* [EXERCISE MATERIAL]
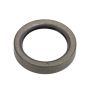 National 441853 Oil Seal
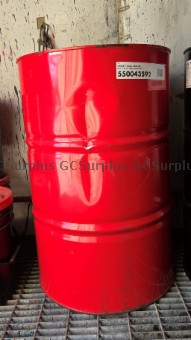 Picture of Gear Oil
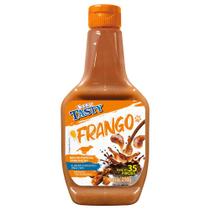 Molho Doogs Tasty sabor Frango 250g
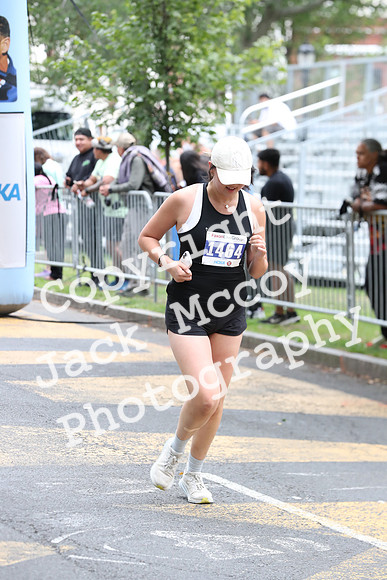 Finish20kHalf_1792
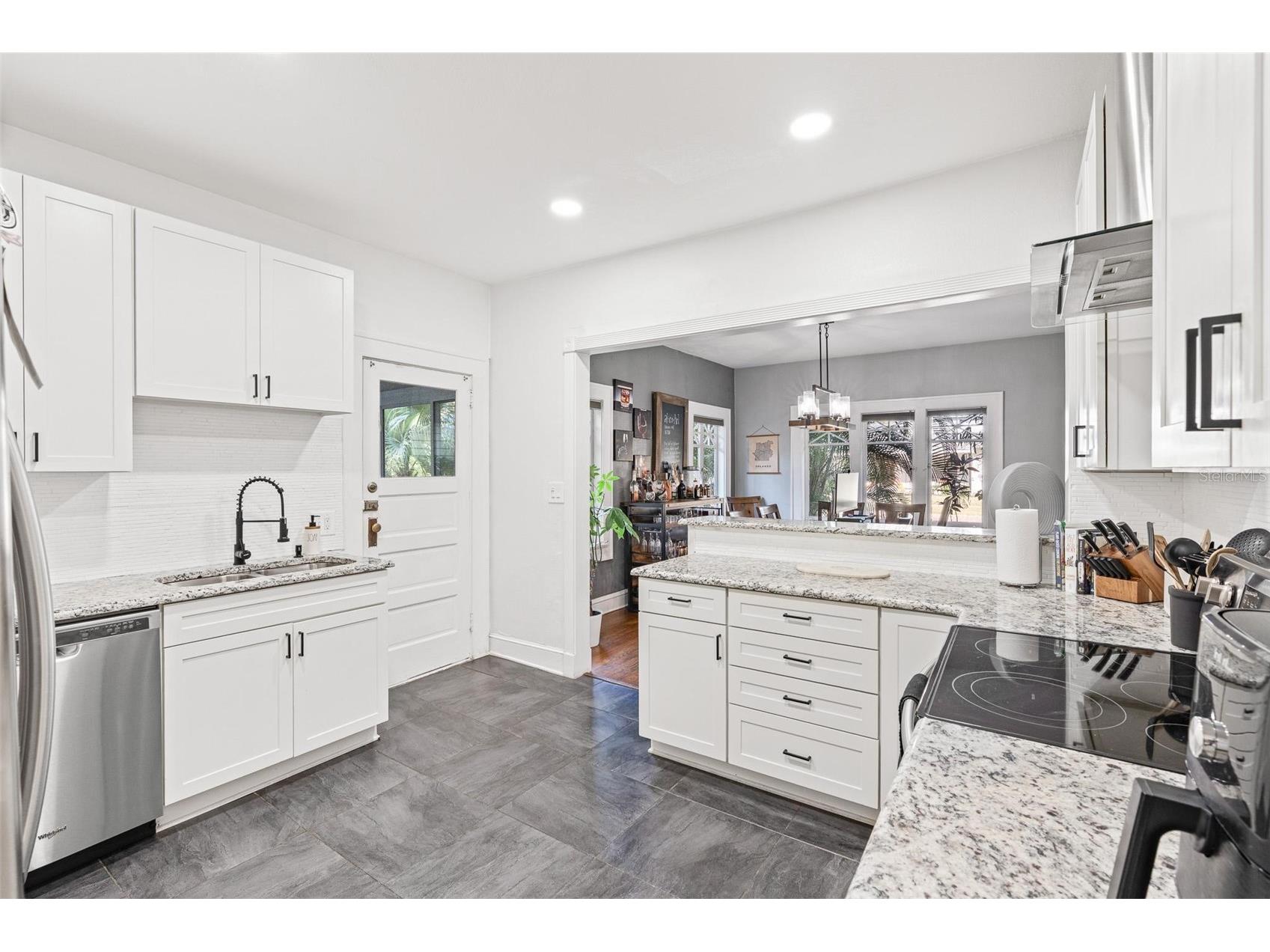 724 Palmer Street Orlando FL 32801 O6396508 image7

---

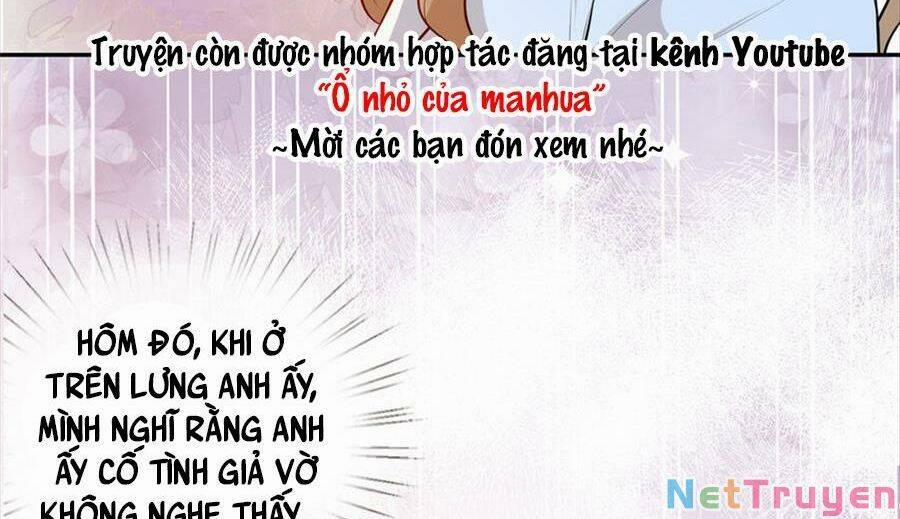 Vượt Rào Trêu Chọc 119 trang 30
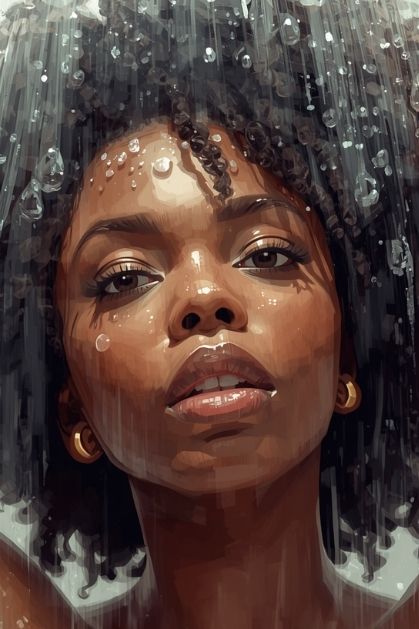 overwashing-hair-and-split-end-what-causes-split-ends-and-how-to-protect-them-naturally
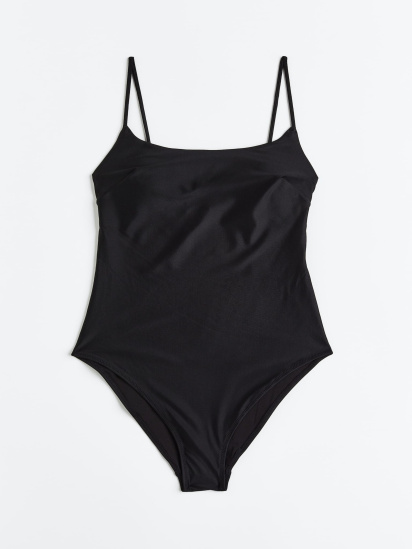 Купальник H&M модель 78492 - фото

* [AIM OF THE EXERCISE]
Although the records above contain pictures, the copy must not; set down exactly the lines from the one with "National 441853 Oil Seal" up to and including the one with "724 Palmer Street".

* [ANSWER SECTION]
 National 441853 Oil Seal
 Picture of Gear Oil
 Molho Doogs Tasty sabor Frango 250g
 Finish20kHalf_1792
 724 Palmer Street Orlando FL 32801 O6396508 image7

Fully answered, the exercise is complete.